__EXERCISE INSTRUCTIONS__
From the line that contains "Het Mediterrane Olijfolieboek" to the final line below, both included, print each line exactly and skip the pictures.

------------------------------------

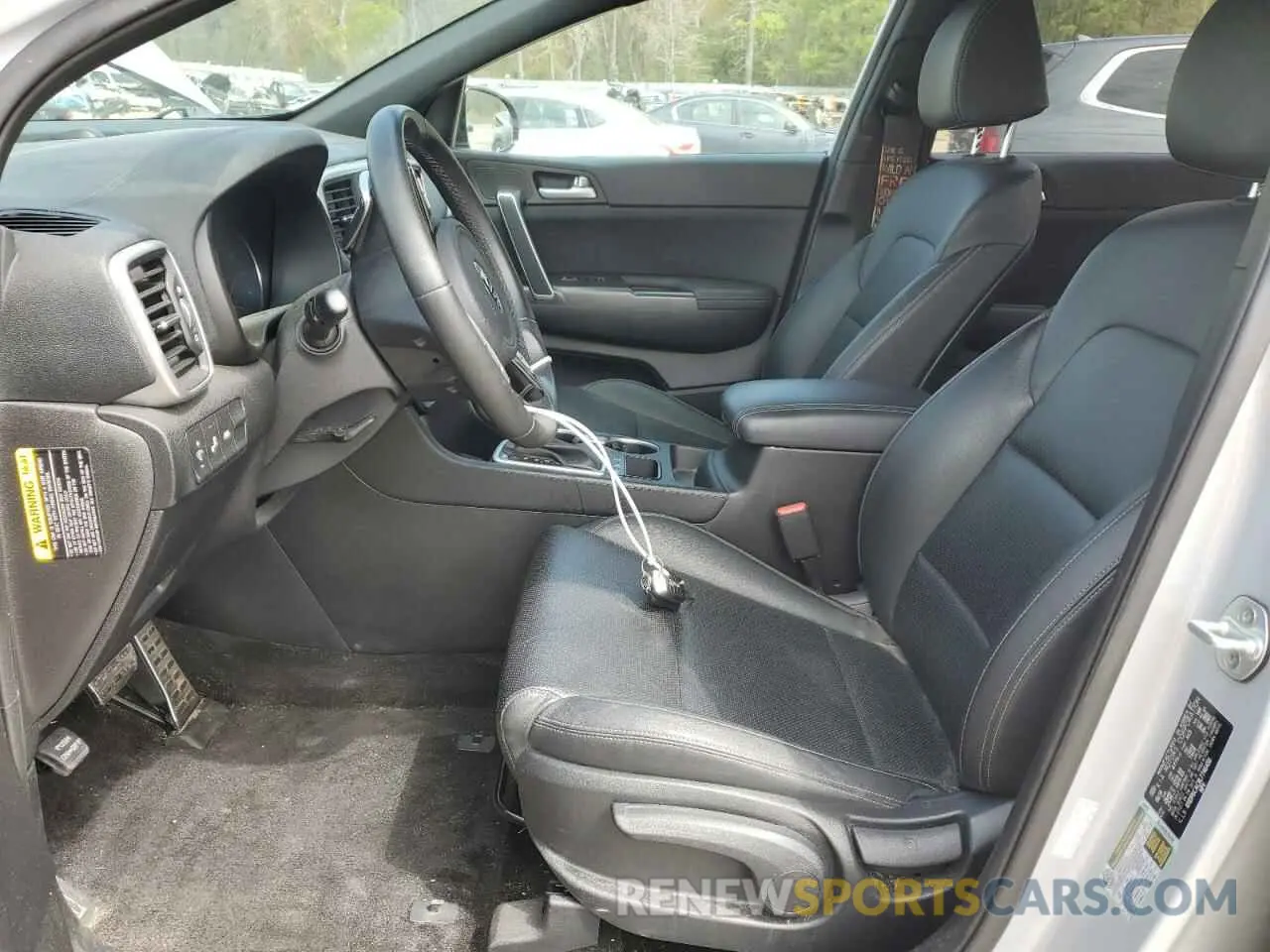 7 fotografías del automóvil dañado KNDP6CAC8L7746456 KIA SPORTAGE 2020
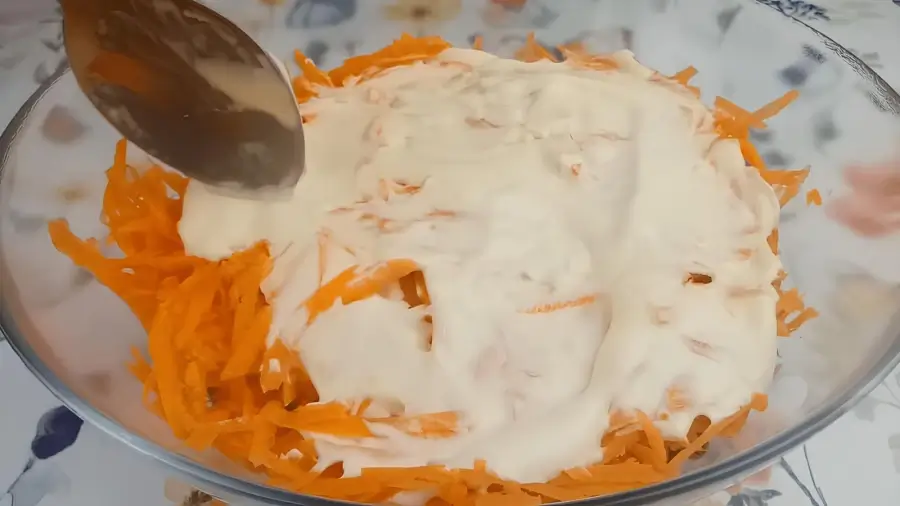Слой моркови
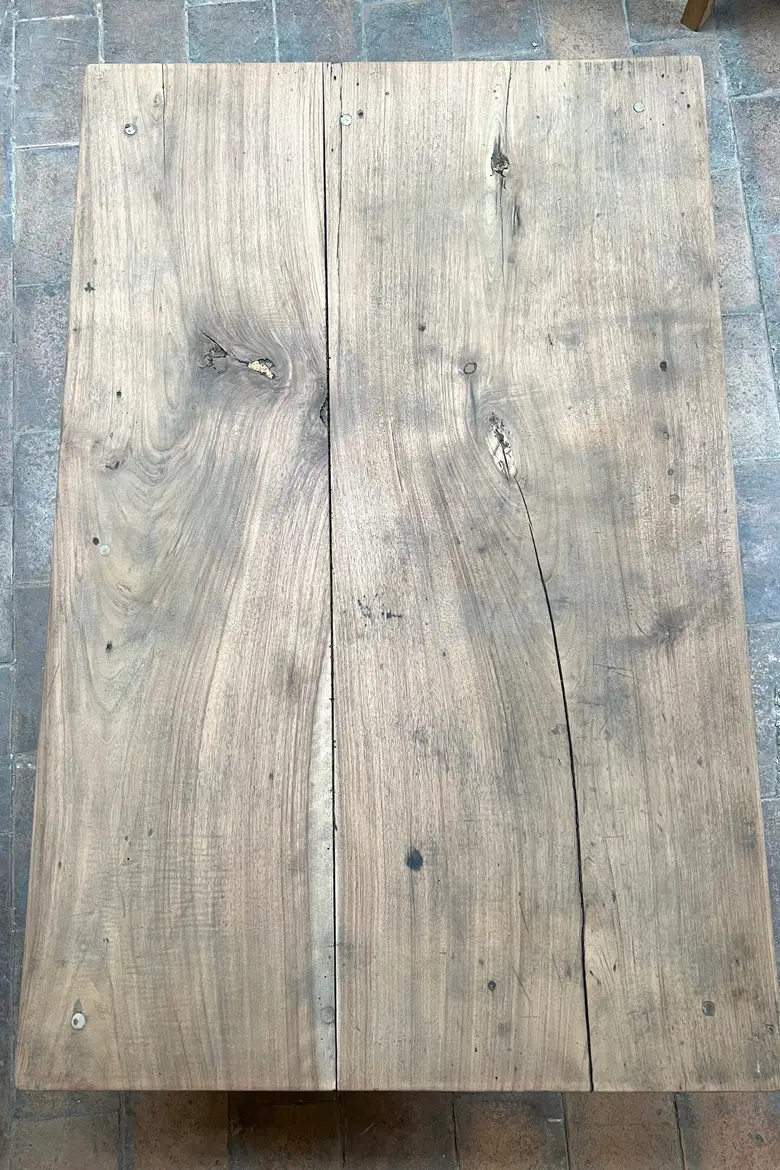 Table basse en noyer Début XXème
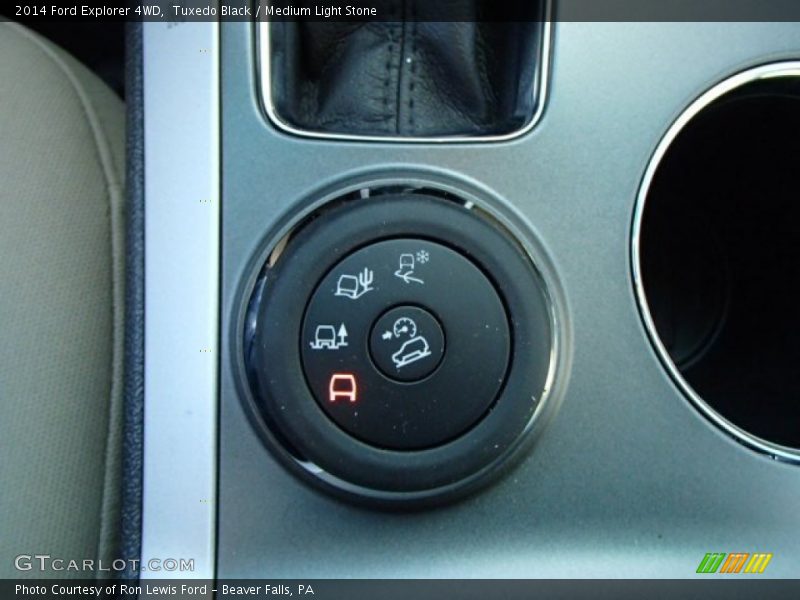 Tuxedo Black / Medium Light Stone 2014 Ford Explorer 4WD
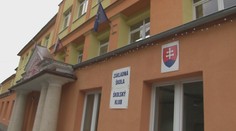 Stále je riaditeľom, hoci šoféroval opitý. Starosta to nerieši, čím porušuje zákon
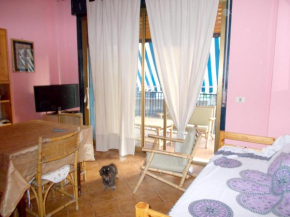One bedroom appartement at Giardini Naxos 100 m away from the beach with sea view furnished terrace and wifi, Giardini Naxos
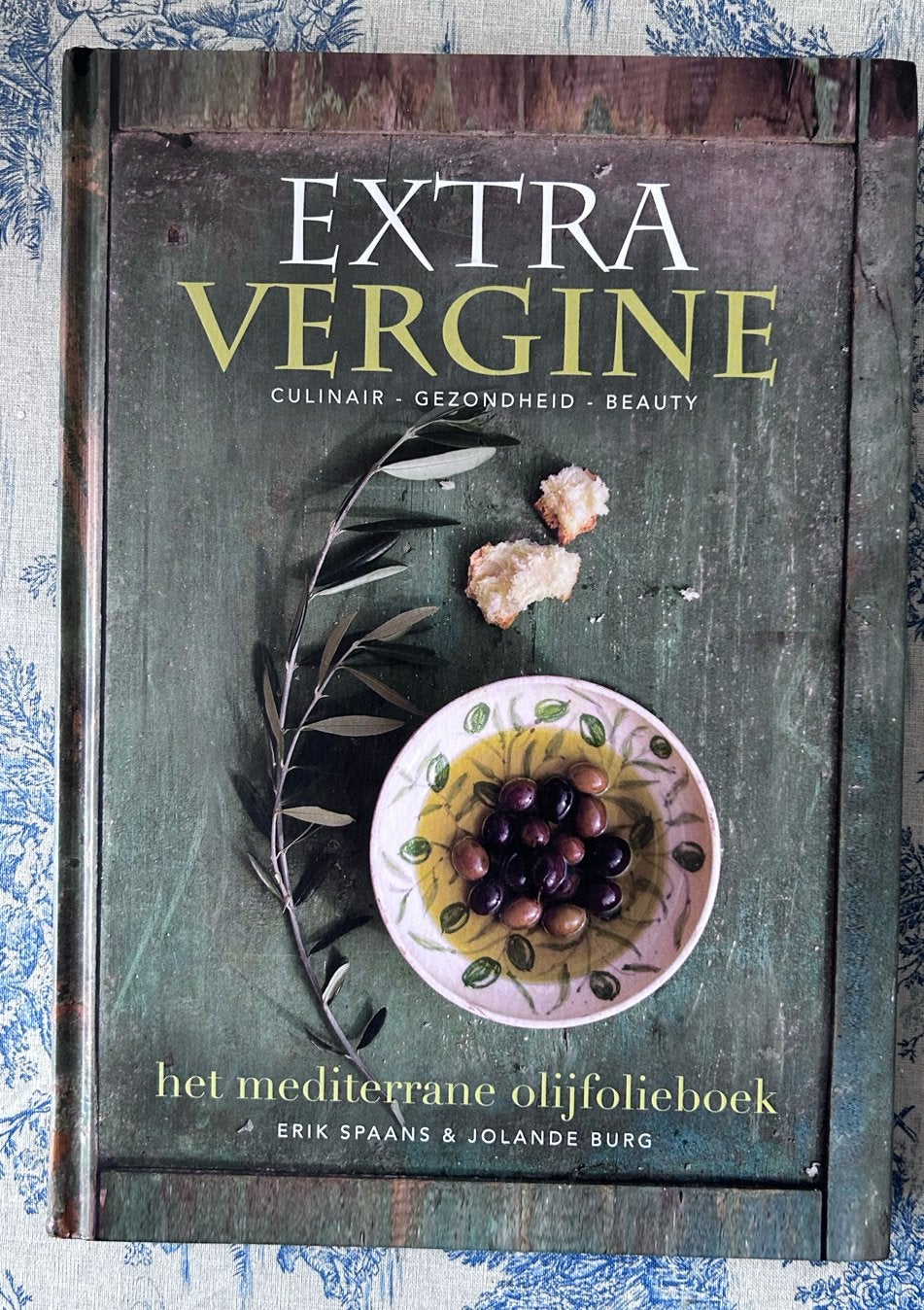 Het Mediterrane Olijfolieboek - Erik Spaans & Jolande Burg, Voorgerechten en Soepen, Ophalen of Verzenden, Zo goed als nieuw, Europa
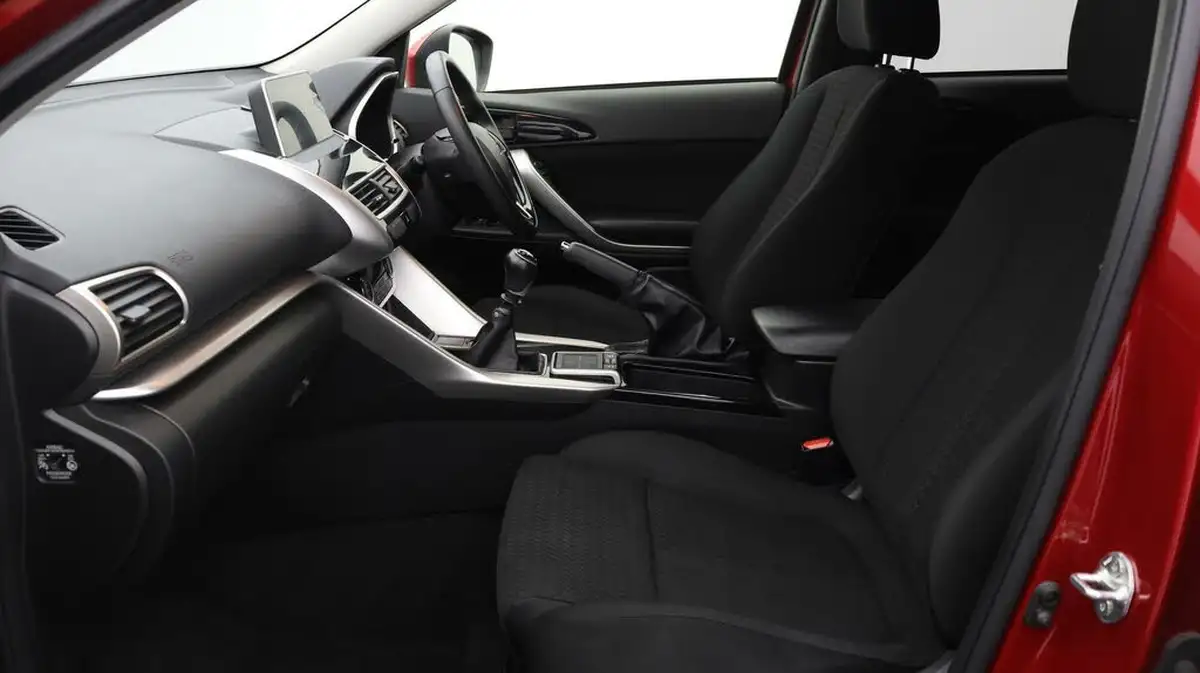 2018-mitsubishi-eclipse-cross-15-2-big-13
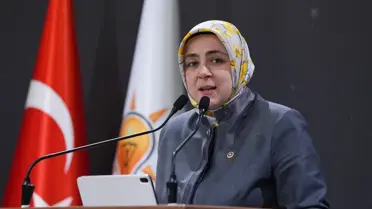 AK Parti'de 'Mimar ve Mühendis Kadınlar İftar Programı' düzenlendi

------------------------------------

__RESPONSE FOR THIS EXERCISE__
 Het Mediterrane Olijfolieboek - Erik Spaans & Jolande Burg, Voorgerechten en Soepen, Ophalen of Verzenden, Zo goed als nieuw, Europa
 2018-mitsubishi-eclipse-cross-15-2-big-13
 AK Parti'de 'Mimar ve Mühendis Kadınlar İftar Programı' düzenlendi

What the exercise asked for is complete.